Foi em abril de 2018 que o CEO do Facebook, Mark Zuckerberg, estreou no Congresso dos Estados Unidos como convocado de uma comissão do Senado sobre o uso abusivo de dados de consumidores. A empresa havia admitido ter usado sem autorização informações pessoais de 87 milhões de usuários no chamado escândalo da Cambridge Analytica, e o foco dos 44 senadores estava na ameaça de interferência digital criminosa nas eleições presidenciais americanas. “Zuck” esmerou-se em eludir perguntas incisivas, deslizou por respostas que lhe convinham, e ostentou uma estudada paciência diante do enciclopédico desconhecimento digital de alguns inquiridores.

Ainda assim, a armadura impassível do criador de 33 anos saiu avariada. Mas o poder inescapável de sua criatura, o Facebook, ficou intocado: até os senadores mais combativos na sabatina orientaram seus seguidores a acompanhar a sessão através do... streaming Facebook Live.

Na terça-feira passada, em Brasília, ocorreu a 19ª sessão da Comissão Parlamentar Mista de Inquérito instalada meio ano atrás para apurar a disseminação de notícias falsas na eleição presidencial brasileira de 2018. A testemunha única da sessão chamava-se Hans River do Rio Nascimento e tinha tudo a ver com o tema da “CPMI das fake news”: o depoente havia sido funcionário da Yacows, uma das empresas suspeitas de recorrer ao uso fraudulento de nome e CPF de idosos para registrar chips de celular, e disparar lotes de mensagens em benefício de políticos. O “Sr. Hans”, como passou a ser designado, havia se desentendido com o seu empregador em final de 2018, movera-lhe uma ação trabalhista, e à época fornecera valiosas informações e documentos à repórter investigativa Patrícia Campos Mello, da “Folha de S. Paulo”. Segundo a reportagem exclusiva publicada em dezembro daquele ano, a empresa Yacows prestara serviços a vários políticos e fora subcontratada por uma produtora (AM4) que trabalhou para a campanha do presidente eleito, Jair Bolsonaro.

Já por isso, e pelo fato de a testemunha ter sido convocada pelo deputado do PT Rui Falcão, era lícito supor que o depoimento do Sr. Hans resultasse em informações comprometedoras para o governo.
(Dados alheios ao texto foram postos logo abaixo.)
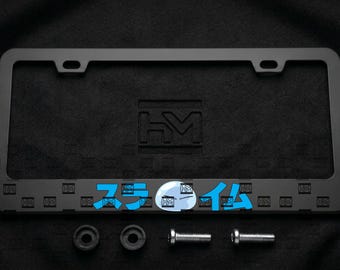 Puede incluir: Un marco rectangular negro para matrícula con las letras HM en relieve en el centro y un patrón repetitivo de pequeños logotipos HM a lo largo del borde inferior. El marco incluye dos espaciadores circulares negros y dos tornillos de montaje de metal plateado.
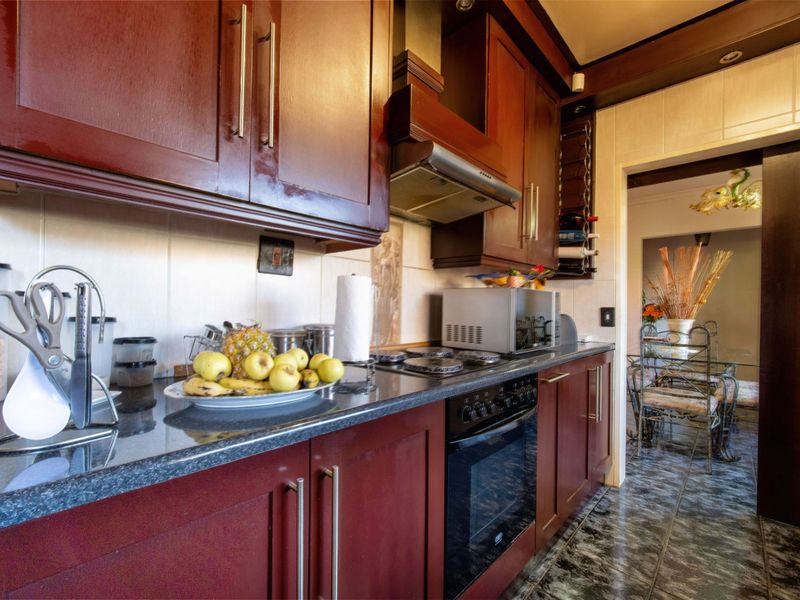 A functional kitchen featuring dark wood cabinetry, granite countertops, a built-in oven, gas hob, and extractor fan with tiled flooring and backsplash.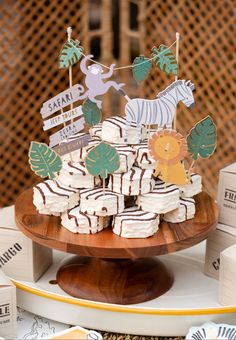 desserts are arranged on a wooden platter at a safari themed birthday party, including zebra and giraffe cupcakes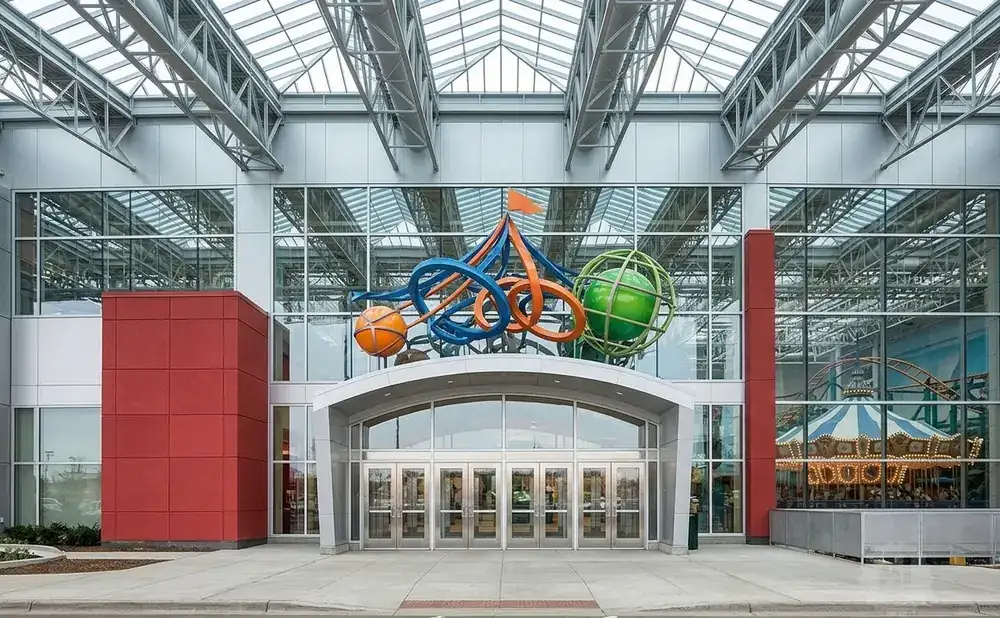 Modern building entrance with glass facade, abstract sculpture, and amusement park rides visible inside.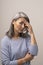 Disappointed Adult Woman of Mongolian Nationality with Gray Hair on a Gray Background.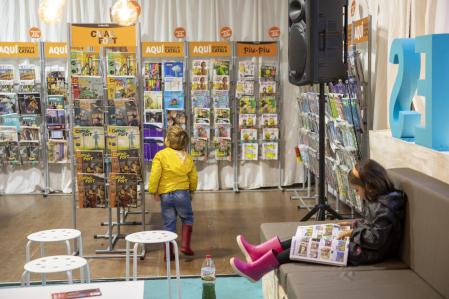 FOTO: MANÉ ESPINOSA. SETMANA LLIBRE EN CATALÀ. DOS NIÑOS LEEN COMICS DE CAVALL FORT EN UN EXPOSITOR DE LA FERIA.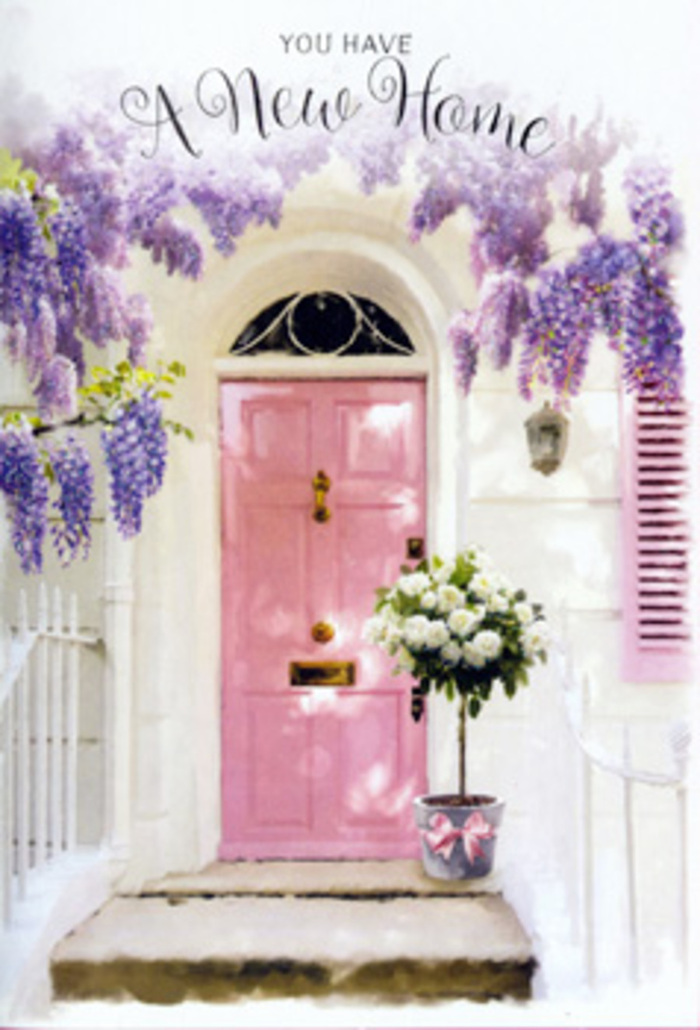 In this image, a modest front entrance is transformed into a romantic celebration of new beginnings, evoking the feel of a Belvedere side street just off Nuxley Road. The focal point is a beautifully painted pink front door, its colour a soft, chalky rose that glows gently against the clean white walls that surround it. The plaster has a subtle texture, catching the light in faint ripples and giving the façade a sense of character and age. Above and around the door, wisteria cascades in abundant lavender clusters, each flower head composed of many tiny petals that hang together like delicate tassels. The trailing vines and leaves weave in and out of view, creating natural arches and curves that soften the architectural lines. At the threshold, placed with obvious care, stands a tin bucket brimming with a hand-crafted floral arrangement. The bucket is filled with full-headed white and cream roses, open just enough to reveal their layered centres, and arranged to form a full, rounded silhouette. The roses' petals look almost velvety, catching hints of the ambient light and reflecting it in soft ivory tones. Among the roses, sprigs of soft greenery add depth, their cooler hues balancing the warmth of the flowers and the pink door. Around the base of the bucket, a pastel pink ribbon has been tied into a loose, flowing bow, its length trailing slightly across the stone step like a gentle, celebratory signature. The entire scene is bathed in warm, diffused sunlight, suggesting a peaceful late afternoon when a same-day delivery from Belvedere Flowers might arrive. The mood is quietly joyful and deeply reassuring, making this arrangement ideal for congratulating someone on a new home, marking an important life transition, or simply reminding them that their doorstep, and their future, are full of beauty.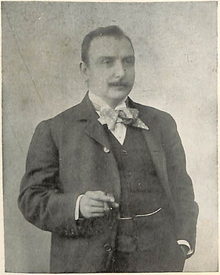 Photographie d'un homme moustachu, en costume, nœud papillon et cigare à la main droite.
Nada saiu conforme o roteiro — nem para a oposição nem para o depoente, nem para a vida democrática, nem para a jornalista. Assistir à íntegra das cinco horas de transmissão pela TV Senado é de grande serventia, pois revela bem mais do que os momentos chulos e as ilações de vulgaridade abjeta contra a jornalista. A íntegra revela sobretudo a testemunha que, ao contrário de Mark Zuckerberg, adquiriu protagonismo por acaso e não sabe como sair dele sem deixar anéis e dedos.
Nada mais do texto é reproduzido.